The couple thought that a gay donor would be sympathetic to what they were trying to do, but did not want him to have any rights over or responsibilities for the child. A friend suggested someone she knew. Russo got pregnant on the first try, and she and Young welcomed their first child, Cade. They chose a different donor for their next child, though, so that no one man would have too much potential power over their family. The same friend suggested another man she knew, attorney Tom Steel. Soon, Young was pregnant, and gave birth to Ry in 1981.
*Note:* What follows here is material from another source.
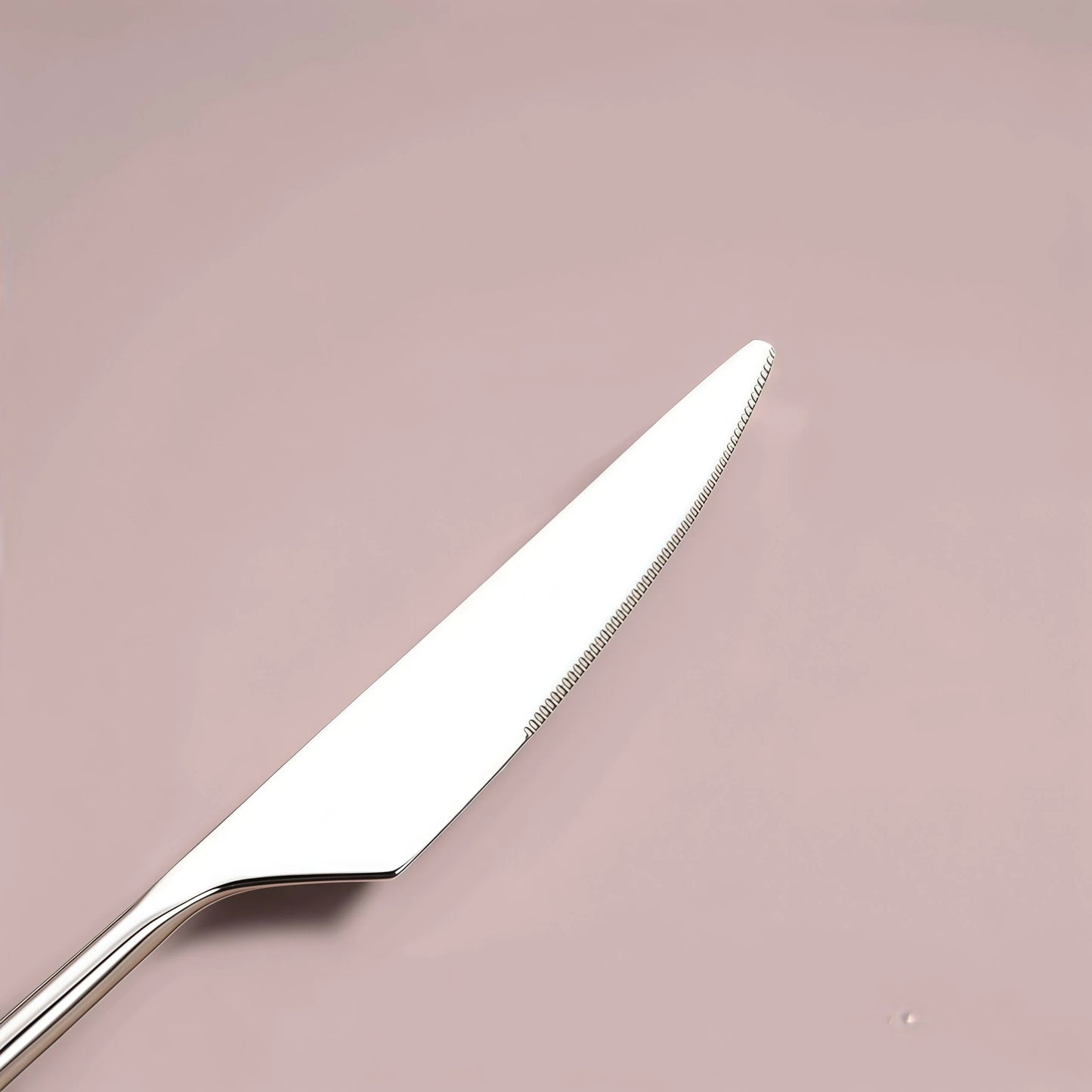 Ensemble de couverts en inox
The family was in many ways very traditional; Russo worked, Young stayed home with the kids, and there was a lot of fun and a lot of love. Russo and Young were always honest with the children about how they were created. When Cade was in preschool, she said she wanted to know more about her donor. The moms were amenable; Russo was especially willing to help them connect because she had never known her own father and didn’t want her children not to know the men who helped create them, even if they didn’t think of them as fathers.
Both donors became friends of the family and would visit occasionally. Cade’s donor faded from their lives, but sometimes Steel, the moms, and kids would rent a vacation house together. Eventually, though, as Russo and Young tell it, the relationship became tense as the moms grew afraid of Steel’s deepening closeness with Ry to the exclusion of other family members. In 1991, Steel unexpectedly sued them for paternity and visitation rights over her.
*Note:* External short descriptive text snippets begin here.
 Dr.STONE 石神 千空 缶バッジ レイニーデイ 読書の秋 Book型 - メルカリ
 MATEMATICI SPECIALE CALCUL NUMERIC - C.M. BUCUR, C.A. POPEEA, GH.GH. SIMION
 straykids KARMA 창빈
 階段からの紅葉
The lawsuit, court appearances, psychological evaluations, media scrutiny, and potential for family upheaval that followed were traumatic for both children and underscored the fragility of their family at a time when lesbian mothers were still often seen as unfit by the courts. Russo had no legal rights over Ry and was not even allowed into the courtroom. It would be easy to view Steel in purely unflattering terms.
In the film, though, we see Steel’s friends, colleagues, lawyers, and partner’s son (from a previous relationship) paint a picture of a man who genuinely loved Ry and wanted to maintain their relationship, especially after his health began to deteriorate from AIDS complications. (He died in 1998.) Ry herself had “fond memories” of his visits. Simultaneously, though, her moms were understandably protective of the family they had worked so hard to build and afraid of how the lawsuit could destroy their identity as a family of four.
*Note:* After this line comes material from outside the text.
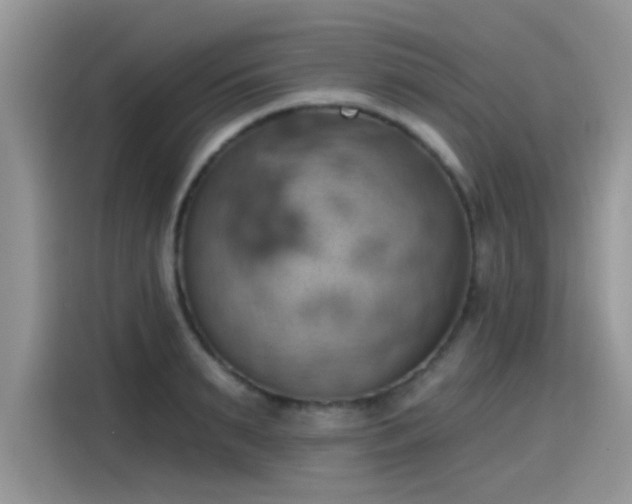 X0000115590895200911171027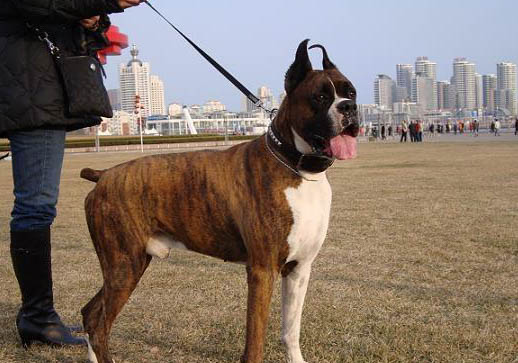 拳師犬和杜賓哪個好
One message of the film, then, is that while we may not always agree with someone—may even have anger towards them—we can always seek to understand them better. In doing so, we might also come to better understand ourselves.
Russo and Young have been changed by the film, too. They told me, “Our conversations with Ry and her sister Cade have always been open and loving. In the process of making the film, we came to a deeper understanding of both Ry and Cade’s experiences around the lawsuit and we all grew even closer.”
On a broader level, Nuclear Family reminds us how much positive change there has been for queer families over the past four decades—but also why we need to keep addressing the inequalities that remain. As Russo and Young said, “We think the important message in Ry’s film is that all families deserve respect, recognition, and legal protection. Families come in all shapes and sizes and it is our right to self-define these relationships.”
Nuclear Family is highly recommended viewing not only for queer people but for anyone interested in what it means to be a family. Watch on HBO and HBO MAX, starting Sunday, September 26 at 10 p.m. ET, and then weekly.